257  Bitcoin / Development & Technical Discussion / Re: How to send BitCoins with LOW TX FEE (Not No TX Fee) on: March 23, 2013, 10:31:38 PM
Straight Bitcoin isn't designed for really small transactions.  If you're sending less than something like $1 worth of bitcoins, you should expect to pay 10% or more in fees. More if you're trying to send $0.10 or less.

There is no magic fairy wand we can wave and make Bitcoin suddenly great for gazillions of tiny transactions; plan your businesses accordingly. As transaction volume increases, there will be more competition for space in blocks and fees are likely to rise.

And please avoid filling your customer's wallets with "dust" that they'll pay huge fees to spend; a payout should be at least a couple of cents, not a fraction of a penny. I think there is pretty good consensus among the core developers that sooner or later we'll make "dust" outputs non-standard, so they are not relayed or mined by default (details to be worked out, we need to implement a good algorithm for auto-adjusting the definition of "dust").


258  Bitcoin / Bitcoin Discussion / Re: Bitcoin-Qt/bitcoind version 0.8.1 available on: March 23, 2013, 10:20:24 PM
If you're on Linux or Mac, run contrib/tidy_datadir.sh if you want to get rid of old, not-used-any-more files in your data directory.

It will safely remove the blkindex.dat and blk000?.dat files.

If somebody wants to write an equivalent .bat file that does the same on Windows, that'd be fantastic!  I don't know hardly nuthin about Windows batch files.

As deepceleron says, the blk000?.dat files are hardlinks, so even though it looks like they're taking up space they're not. And they're safe to delete (just don't delete anything in the blocks/ or chainstate/ folders).
259  Bitcoin / Mining / Re: Compensating miners on the wrong side of The Big Fork on: March 23, 2013, 01:50:33 PM
To be clear: the 'donor' was the EFF, and their only request was that the Bitcoins be given back to the bitcoin community. If you like, think of it as a bulk payment of transaction fees that the faucet would have paid if it had been operating over the last year instead of closed (due to lack of time for me to fight the scammers).

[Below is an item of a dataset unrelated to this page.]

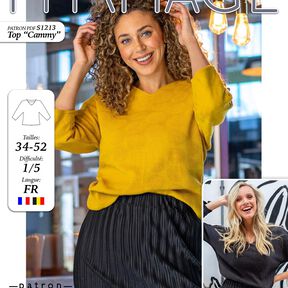 Top Cammy Patron de Couture
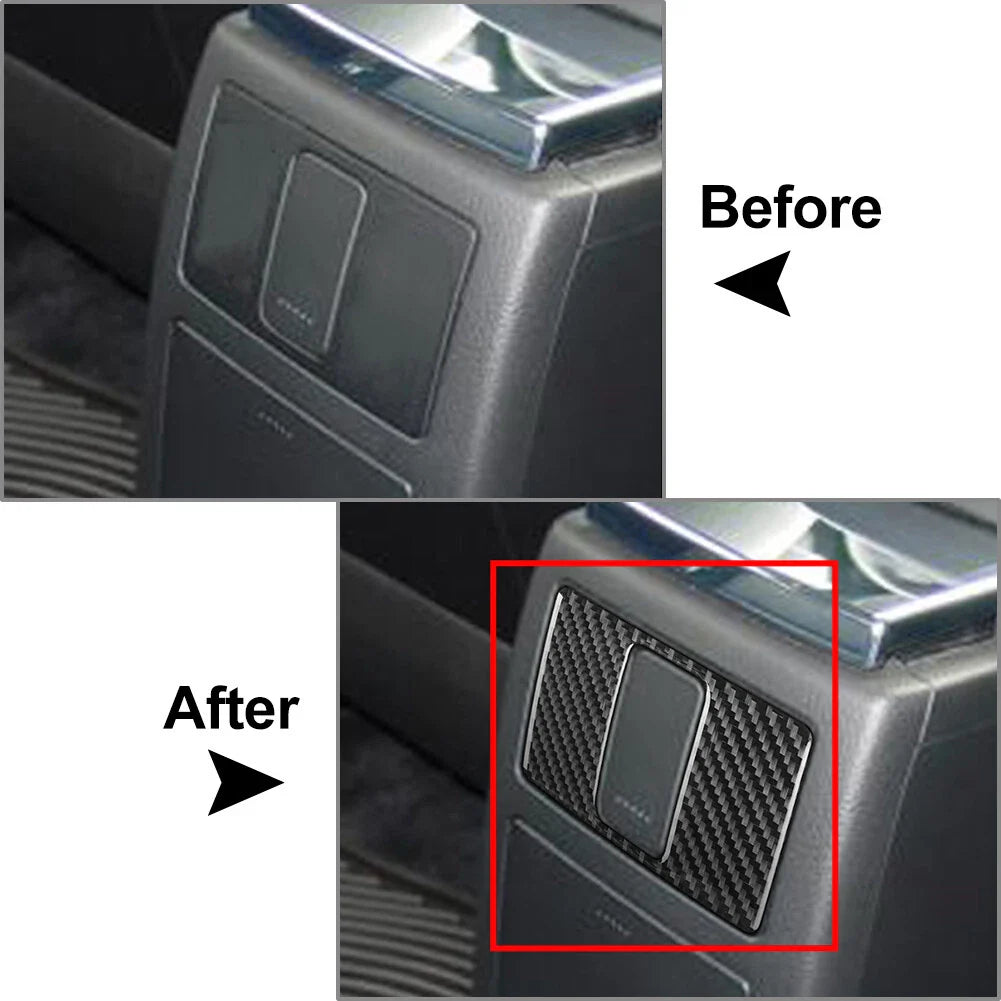 Rear Power Outlet Panel Cover for Volkswagen Passat B5 (2001-2005) Black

Because it sent tiny transaction amounts, it paid almost as much in fees as it gave out...
260  Alternate cryptocurrencies / Altcoin Discussion / Re: Strategy for new alt coins on: March 23, 2013, 01:37:58 PM
Somebody should exploit all the DoS bugs that have been fixed to put the dead altcoins out of their misery, starting with the BDB lock limit bug.

Because if they keep scraping along, the worst thing that could happen would be for them to suddenly get popular-- because then attackers WILL swoop in and cause chaos.